Copy each entry below unchanged; the images do not go in the copy.

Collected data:
::::::
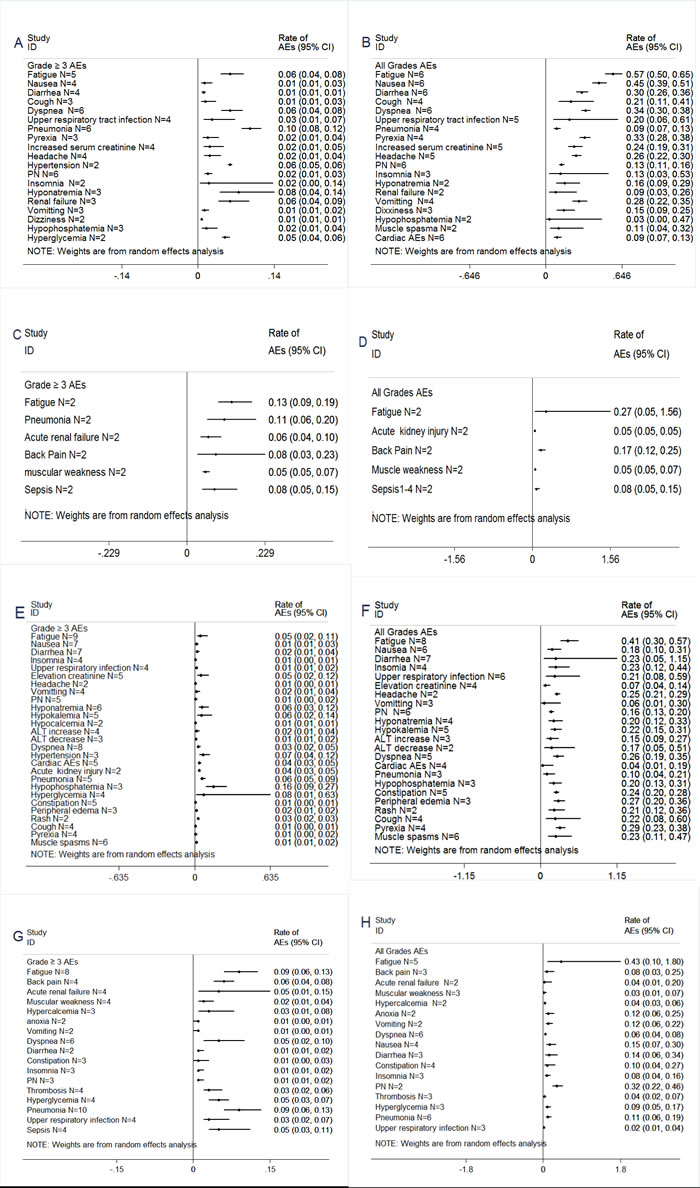 Meta-analysis of non-hematologic adverse events (AEs) with carfilzomib and pomalidomide for the management of patients with RRMM.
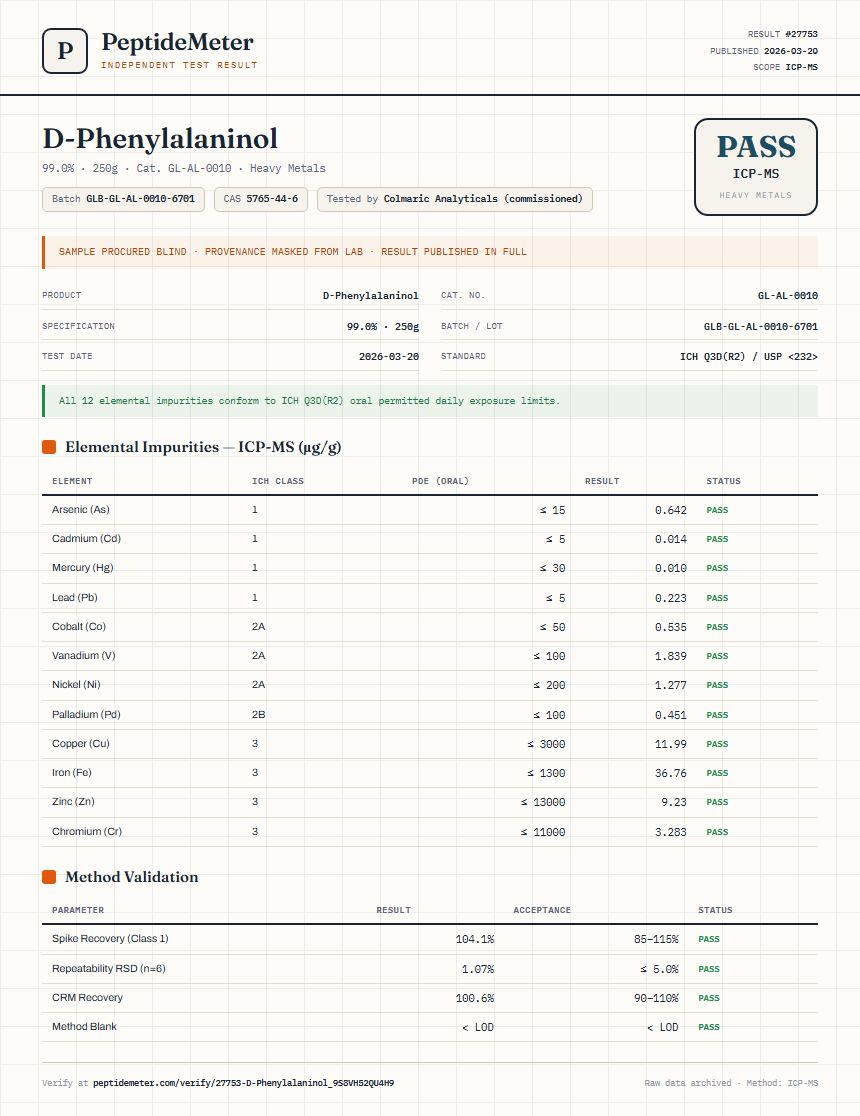 D-Phenylalaninol Heavy Metals report by PeptideMeter
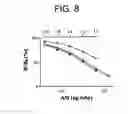 Fig. 09 - Determination of AM-binding proteins and the association of adrenomedullin (AM) therewith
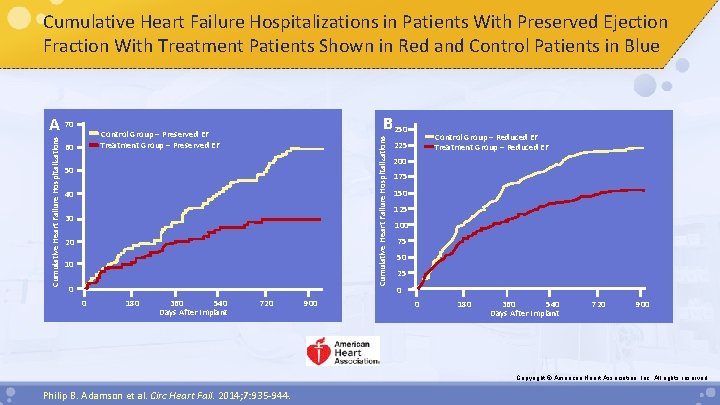 Cumulative Heart Failure Hospitalizations in Patients With Preserved Ejection Fraction With Treatment Patients Shown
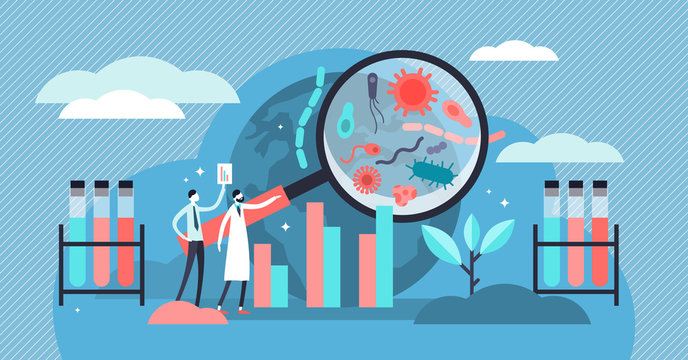 Epidemiology Vector Illustration. Tiny Bacteria Pandemic Outbreak Research.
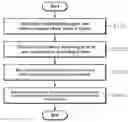 Fig. 01 - ASSAY METHOD FOR ANTIMICROBIAL ACTIVITY OF ANTIMICROBIAL AGENT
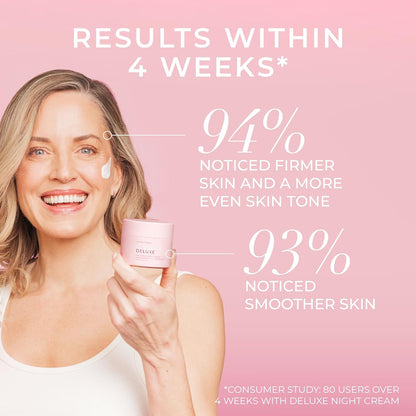 Swedish Collagen Deluxe, 50 ml | Anti-Aging Night Cream with Retinol, Collagen Peptides, Vitamin E and Niacinamide | Skin Treatment and Face Moisturiser for Hydration and Skin Health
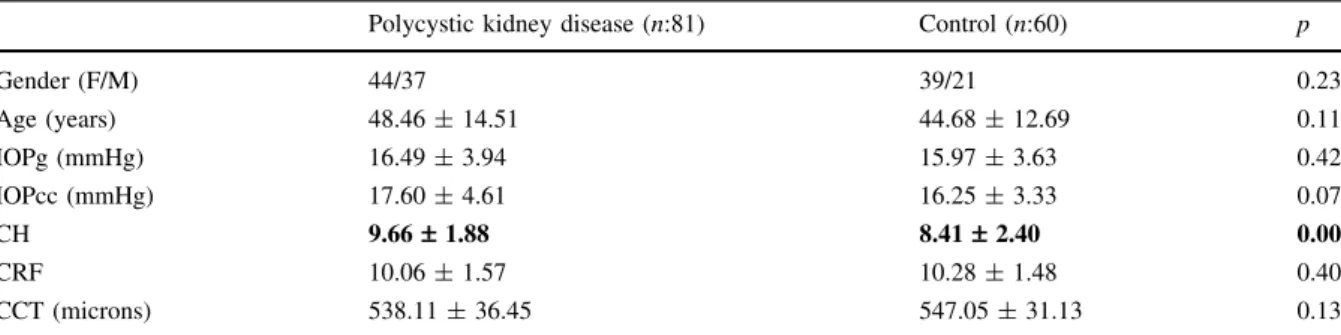 Table 2 Comparison of PKD patients with or without liver cysts with each other and control group in regard to corneal biome- biome-chanical features Polycystic without liver cysts (n:58) Polycystic with liver cysts (n:23) Control (n:60) p1 p2 p3 Gender (F/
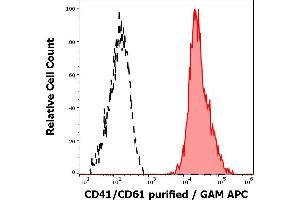 Separation of human CD41/CD61 positive blood debris (red-filled) from CD41/CD61 negative lymphocytes (black-dashed) in flow cytometry analysis (surface staining) of peripheral whole blood stained using anti-bovine CD41/CD61 (IVA30) purified antibody (concentration in sample 0,3 μg/mL, GAM APC). (CD41, CD61 antibody)
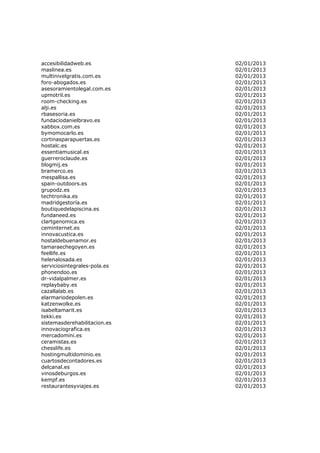 accesibilidadweb.es           02/01/2013
maslinea.es                   02/01/2013
multinivelgratis.com.es       02/01/2013
foro-abogados.es              02/01/2013
asesoramientolegal.com.es     02/01/2013
upmotril.es                   02/01/2013
room-checking.es              02/01/2013
alji.es                       02/01/2013
rbasesoria.es                 02/01/2013
fundaciodanielbravo.es        02/01/2013
xabbox.com.es                 02/01/2013
bymomocarlo.es                02/01/2013
cortinasparapuertas.es        02/01/2013
hostalc.es                    02/01/2013
essentiamusical.es            02/01/2013
guerreroclaude.es             02/01/2013
blogmij.es                    02/01/2013
bramerco.es                   02/01/2013
mespallisa.es                 02/01/2013
spain-outdoors.es             02/01/2013
grupodz.es                    02/01/2013
techtronika.es                02/01/2013
madridgestoría.es             02/01/2013
boutiquedelapiscina.es        02/01/2013
fundaneed.es                  02/01/2013
clartgenomica.es              02/01/2013
ceminternet.es                02/01/2013
innovacustica.es              02/01/2013
hostaldebuenamor.es           02/01/2013
tamaraechegoyen.es            02/01/2013
feellife.es                   02/01/2013
helenalosada.es               02/01/2013
serviciosintegrales-pola.es   02/01/2013
phonendoo.es                  02/01/2013
dr-vidalpalmer.es             02/01/2013
replaybaby.es                 02/01/2013
cazallalab.es                 02/01/2013
elarmariodepolen.es           02/01/2013
katzenwolke.es                02/01/2013
isabeltamarit.es              02/01/2013
tekki.es                      02/01/2013
sistemasderehabilitacion.es   02/01/2013
innovaciografica.es           02/01/2013
mercadomini.es                02/01/2013
ceramistas.es                 02/01/2013
chesslife.es                  02/01/2013
hostingmultidominio.es        02/01/2013
cuartosdecontadores.es        02/01/2013
delcanal.es                   02/01/2013
vinosdeburgos.es              02/01/2013
kempf.es                      02/01/2013
restaurantesyviajes.es        02/01/2013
::::::
SOLVED PROBLEM:
 Meta-analysis of non-hematologic adverse events (AEs) with carfilzomib and pomalidomide for the management of patients with RRMM.
 D-Phenylalaninol Heavy Metals report by PeptideMeter
 Fig. 09 - Determination of AM-binding proteins and the association of adrenomedullin (AM) therewith
 Cumulative Heart Failure Hospitalizations in Patients With Preserved Ejection Fraction With Treatment Patients Shown
 Epidemiology Vector Illustration. Tiny Bacteria Pandemic Outbreak Research.
 Fig. 01 - ASSAY METHOD FOR ANTIMICROBIAL ACTIVITY OF ANTIMICROBIAL AGENT
 Swedish Collagen Deluxe, 50 ml | Anti-Aging Night Cream with Retinol, Collagen Peptides, Vitamin E and Niacinamide | Skin Treatment and Face Moisturiser for Hydration and Skin Health
 Table 2 Comparison of PKD patients with or without liver cysts with each other and control group in regard to corneal biome- biome-chanical features Polycystic without liver cysts (n:58) Polycystic with liver cysts (n:23) Control (n:60) p1 p2 p3 Gender (F/
 Separation of human CD41/CD61 positive blood debris (red-filled) from CD41/CD61 negative lymphocytes (black-dashed) in flow cytometry analysis (surface staining) of peripheral whole blood stained using anti-bovine CD41/CD61 (IVA30) purified antibody (concentration in sample 0,3 μg/mL, GAM APC). (CD41, CD61 antibody)
 accesibilidadweb.es           02/01/2013
maslinea.es                   02/01/2013
multinivelgratis.com.es       02/01/2013
foro-abogados.es              02/01/2013
asesoramientolegal.com.es     02/01/2013
upmotril.es                   02/01/2013
room-checking.es              02/01/2013
alji.es                       02/01/2013
rbasesoria.es                 02/01/2013
fundaciodanielbravo.es        02/01/2013
xabbox.com.es                 02/01/2013
bymomocarlo.es                02/01/2013
cortinasparapuertas.es        02/01/2013
hostalc.es                    02/01/2013
essentiamusical.es            02/01/2013
guerreroclaude.es             02/01/2013
blogmij.es                    02/01/2013
bramerco.es                   02/01/2013
mespallisa.es                 02/01/2013
spain-outdoors.es             02/01/2013
grupodz.es                    02/01/2013
techtronika.es                02/01/2013
madridgestoría.es             02/01/2013
boutiquedelapiscina.es        02/01/2013
fundaneed.es                  02/01/2013
clartgenomica.es              02/01/2013
ceminternet.es                02/01/2013
innovacustica.es              02/01/2013
hostaldebuenamor.es           02/01/2013
tamaraechegoyen.es            02/01/2013
feellife.es                   02/01/2013
helenalosada.es               02/01/2013
serviciosintegrales-pola.es   02/01/2013
phonendoo.es                  02/01/2013
dr-vidalpalmer.es             02/01/2013
replaybaby.es                 02/01/2013
cazallalab.es                 02/01/2013
elarmariodepolen.es           02/01/2013
katzenwolke.es                02/01/2013
isabeltamarit.es              02/01/2013
tekki.es                      02/01/2013
sistemasderehabilitacion.es   02/01/2013
innovaciografica.es           02/01/2013
mercadomini.es                02/01/2013
ceramistas.es                 02/01/2013
chesslife.es                  02/01/2013
hostingmultidominio.es        02/01/2013
cuartosdecontadores.es        02/01/2013
delcanal.es                   02/01/2013
vinosdeburgos.es              02/01/2013
kempf.es                      02/01/2013
restaurantesyviajes.es        02/01/2013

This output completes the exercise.